◆ Supplied data:
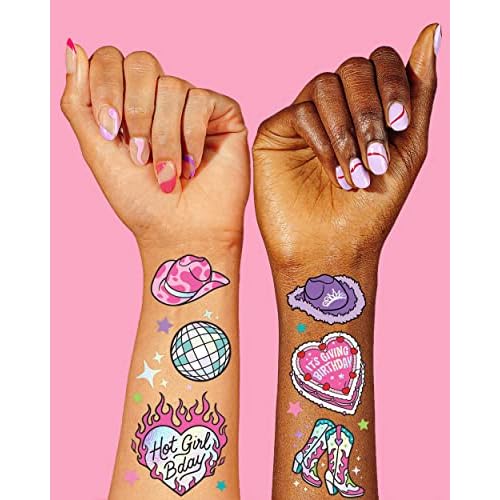 xo Fetti Birthday Decorations Temporary Tattoos - 44 pcs | Fun Bday Girl Party, Older, Wiser, Hotter, HBD, Disco Cowgirl, Hot Girl Bday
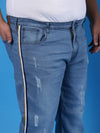 Instafab Teed off Plus Men Side Striped Stylish Casual Denim Jeans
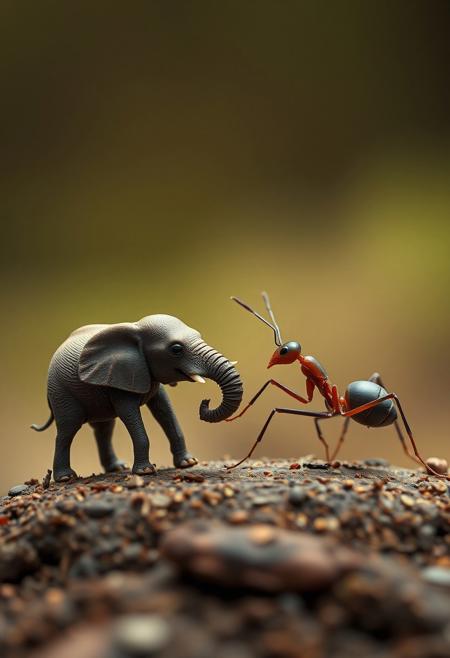 very microscopic elephant and a giant very big ant  talking to each other. The ant, proud of its size, sneers at the small and defenseless elephant. Inverted fable of the elephant and the ant. savannah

◆ Exercise brief:
What is needed is a word-for-word copy of the data above, free of any images.

◆ Answer section:
 xo Fetti Birthday Decorations Temporary Tattoos - 44 pcs | Fun Bday Girl Party, Older, Wiser, Hotter, HBD, Disco Cowgirl, Hot Girl Bday
 Instafab Teed off Plus Men Side Striped Stylish Casual Denim Jeans
 very microscopic elephant and a giant very big ant  talking to each other. The ant, proud of its size, sneers at the small and defenseless elephant. Inverted fable of the elephant and the ant. savannah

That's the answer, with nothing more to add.